**Your objective**
Skip every picture and copy only the lines from the one containing "ľ�y�C�� ����ľ�y�C�𼈿ɠ" to the final line of the records below.

**Recorded data**
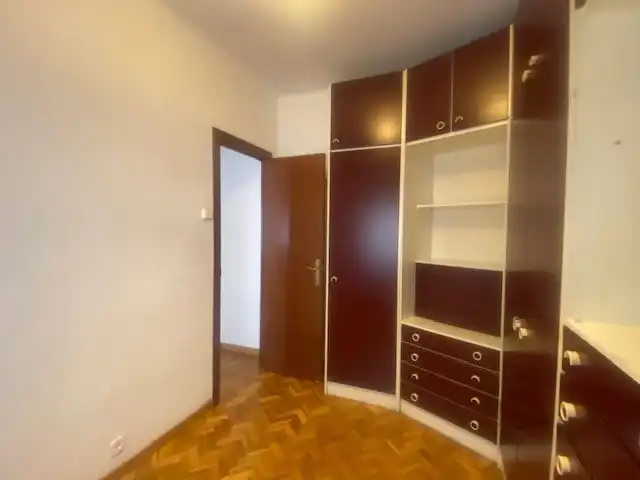 Habitación de Piso en venta en Barcelona con Calefacción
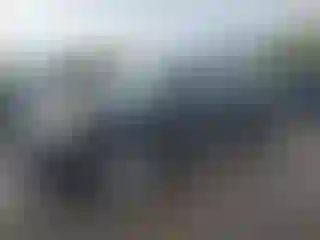 Vehicle Image- 2011 GMC Sierra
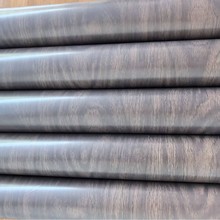 ľ�y�C�� ����ľ�y�C�𼈿ɠC��C�Y���طN���YƷ�߶ˠC���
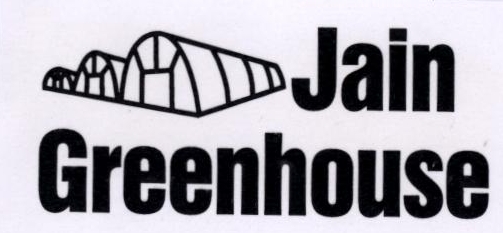 Jain Greenhouse Device mark 1850740 Trademark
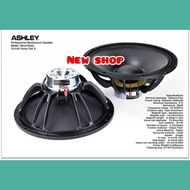 Speaker Ashley NOVA15NEO 15inch Voice Coil 3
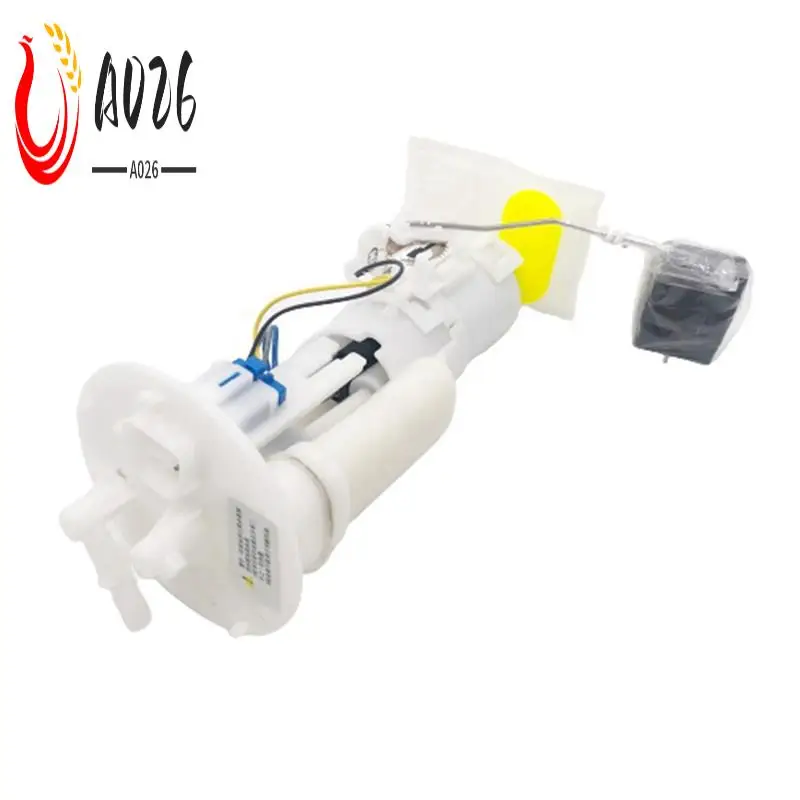

A026-17040-SEA-P00 Fuel Pump Gasoline Pump Automotive For Honda Seventh Generation Accord 2.4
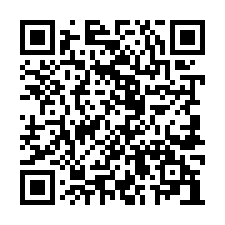 邊間二房雙平車｜昌祐品觀｜忠勇路商圈｜精科園區｜TOP法拍屋-QR CODE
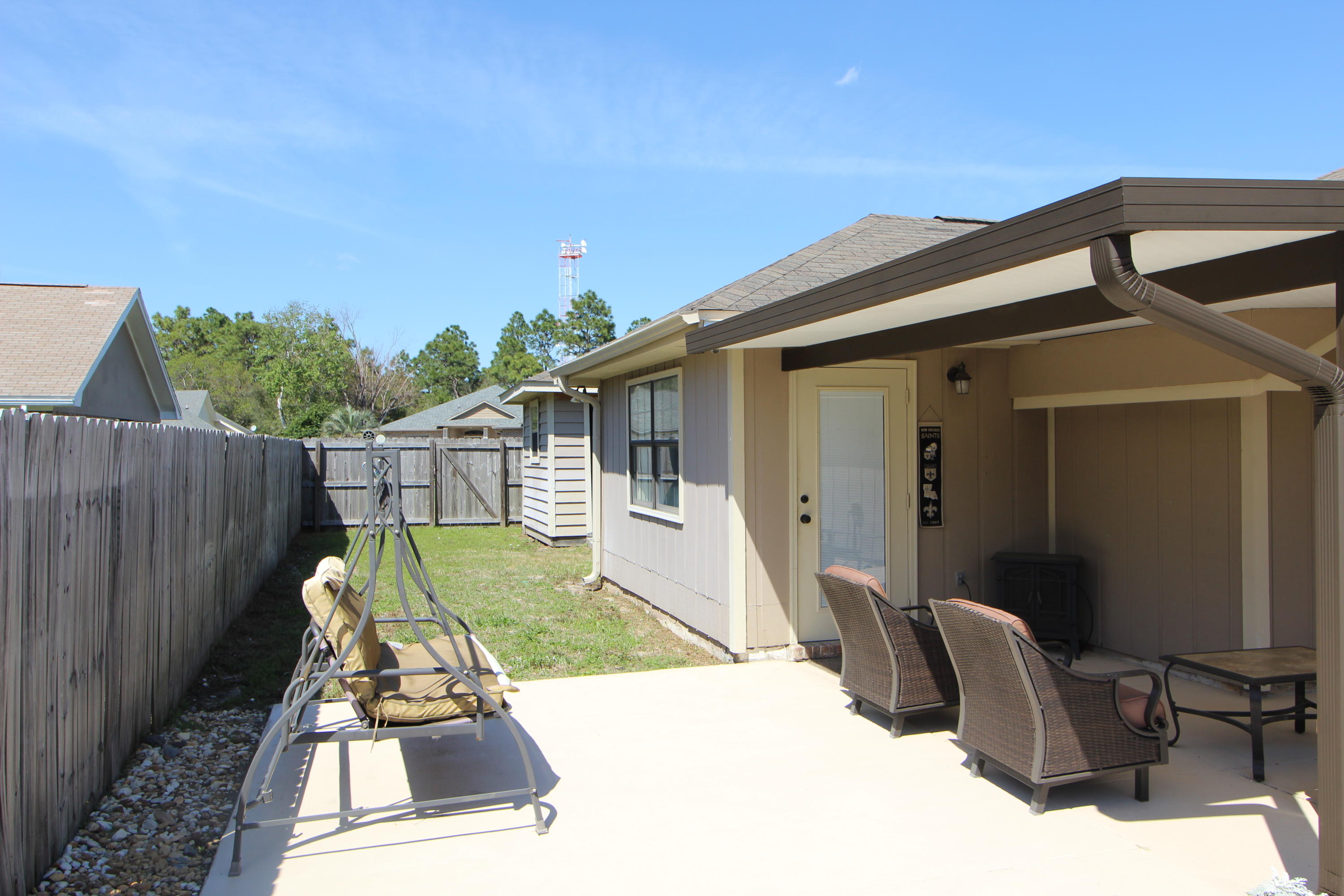 SANTANDER - Residential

**Reply to the exercise**
 ľ�y�C�� ����ľ�y�C�𼈿ɠC��C�Y���طN���YƷ�߶ˠC���
 Jain Greenhouse Device mark 1850740 Trademark
 Speaker Ashley NOVA15NEO 15inch Voice Coil 3

A026-17040-SEA-P00 Fuel Pump Gasoline Pump Automotive For Honda Seventh Generation Accord 2.4
 邊間二房雙平車｜昌祐品觀｜忠勇路商圈｜精科園區｜TOP法拍屋-QR CODE
 SANTANDER - Residential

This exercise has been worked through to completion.